The lines of the Sandwich Mountains, on the northwest, of which the lonely Chocorua, who seems to have pushed his fellows away from him, is the most northerly summit, are the most striking features of the borders of the lake. An American artist who had lived many years in Italy, on a recent visit to this country, went to Winnipiseogee with the writer of these pages. He was greatly impressed and charmed with the outlines of this range, which is seen at once from the boat as she leaves Weir's landing. He had not supposed that any water view in New England was bordered with such a mountain frame. And before the steamer had shot out from-the bay upon the bosom of the lake, he had transferred to his sketch-book its long combination of domes and heavy scrolls and solid walls, all leading to a pyramid that supports a peak desolate and sheer.
The most striking picture, perhaps, to be seen on the lake, is a view which is given of the Sandwich range in going from Weir's to Centre Harbor, as the steamer shoots across a little bay, after passing Bear Island, about four miles from the latter village. The whole chain is seen several miles away, as you look up the bay, between Red Hill on the left, and the Ossipee mountains on the right. If there is no wind, and if there are shadows enough from clouds to spot the range, the beauty will seem weird and unsubstantial,-as though it might fade away the next minute. The weight seems to be taken out of the mountains. We might almost say

They are but sailing foam-bells
Along Thought's causing stream,
And take their shape and sun-color
From him that sends the dream.

Only they do not sail, they repose. The quiet of the water and the sleep of the hills seem to have the quality of still ecstasy. It is only inland water that can suggest and inspire such rest. The sea itself, though it can be clear, is never calm, in the sense that a mountain lake can be calm. The sea seems only to pause; the mountain lake to sleep and to dream.

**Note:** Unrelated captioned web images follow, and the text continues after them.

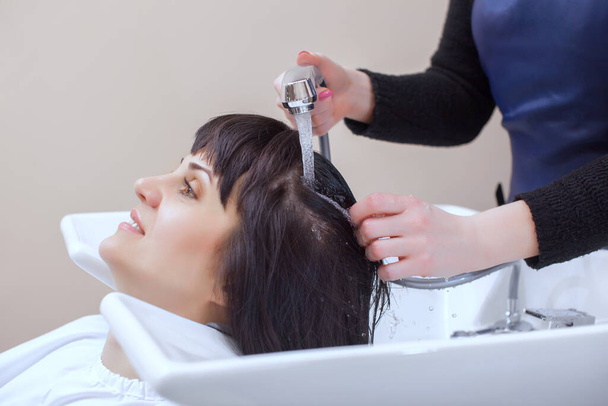Il parrucchiere lava i capelli del cliente con lo shampoo in un salone di bellezza. - Foto, immagini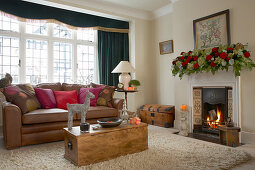 Classic, festively decorated living room; stylised stag on trunk-style coffee table and garland of roses on mantelpiece
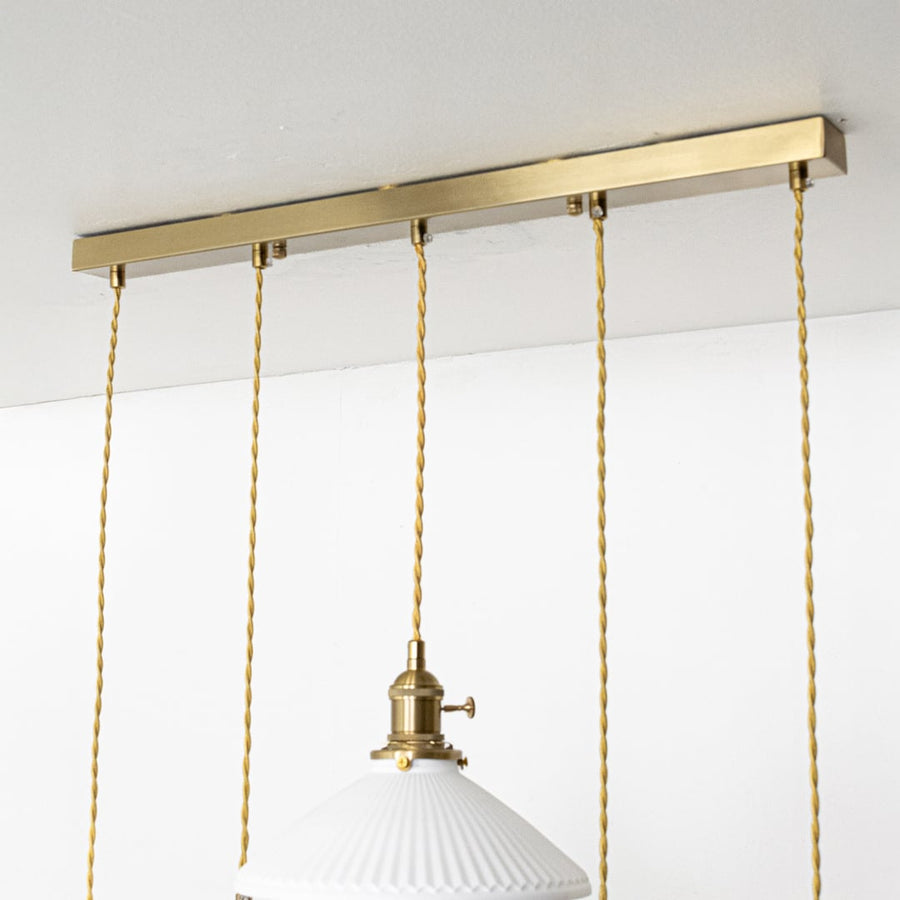 Gold metal linear canopy with decorative chains showcasing premium finish and modern craftsmanship.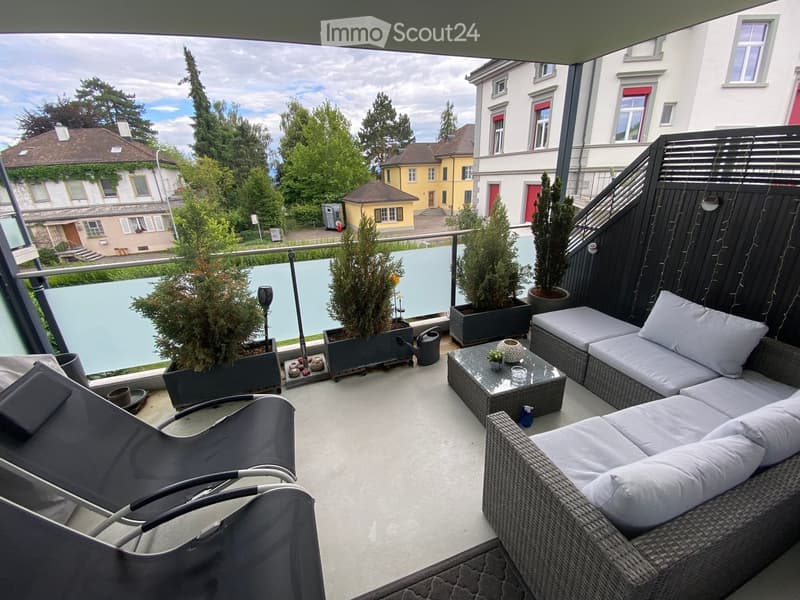 Balcony with wicker sofa, glass coffee table, lounge chairs, and potted plants, overlooking a residential area with trees and buildings.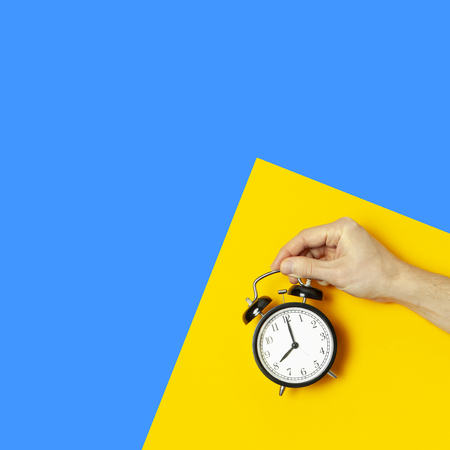 Flat lay top view male hand holding black vintage alarm clock on bright yellow blue color background with copy space. Creative Time concept minimal style, morning time to work.の写真素材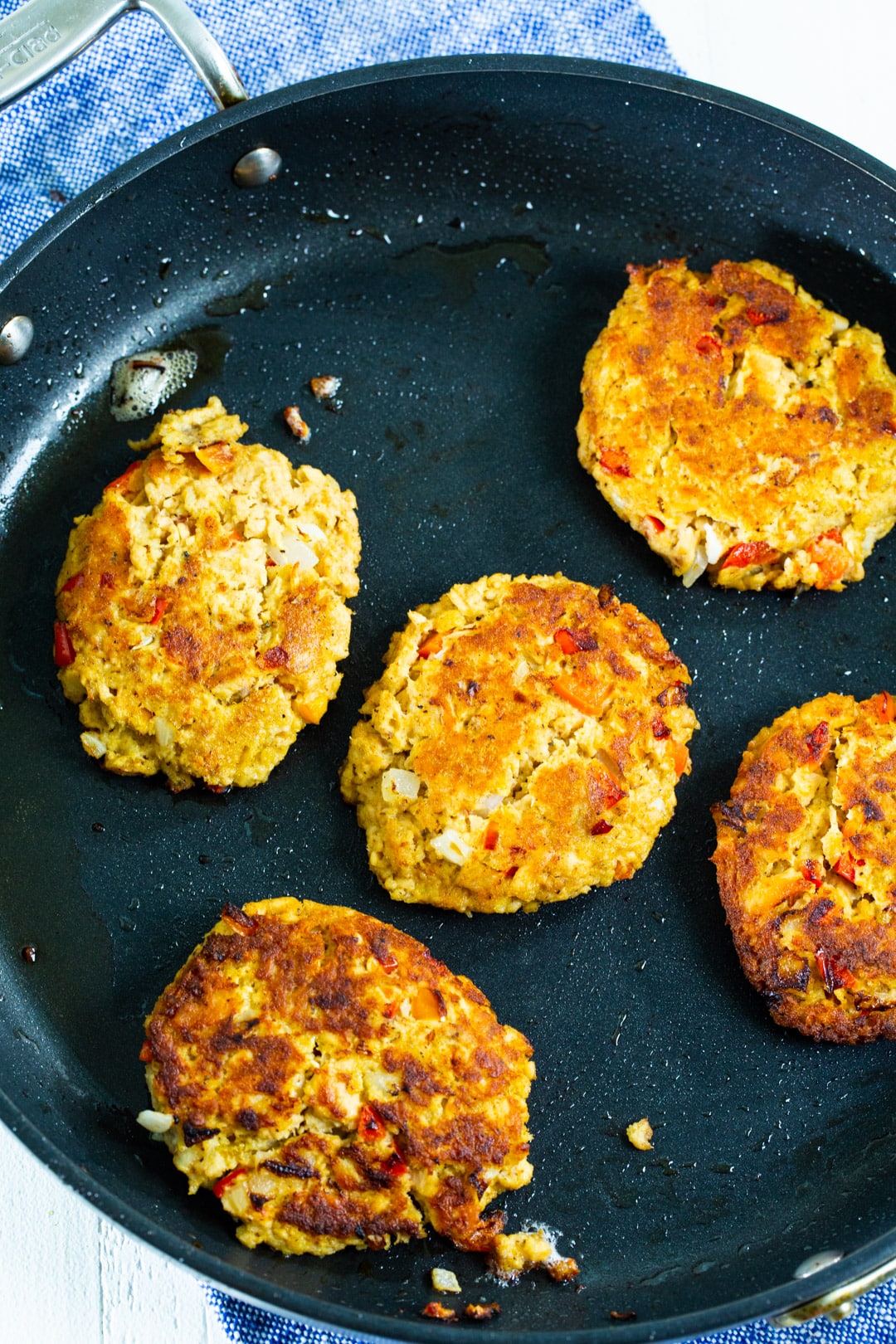 Salmon cakes in a skillet.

But there is one view which, though far less lovely, is more exciting to one who has been a frequent visitor of the mountains. It is where Mount Washington is visible from a portion of the steamer's track, for some fifteen or twenty minutes. Passing by the westerly declivity of the Ossipee ridge, looking across a low slope of the Sandwich range and far back of them, a dazzling white spot perhaps-if it is very early in the summer-gleams on the northern horizon. Gradually it mounts and mounts, and then runs down again as suddenly, making us wonder, possibly, what it can be. A minute or two more, and the unmistakable majesty of Washington is revealed. There he rises, forty miles away, towering from a plateau built for his throne, dim green in the distance, except the dome that is crowned with winter, and the strange figures that are scrawled around his waist in snow.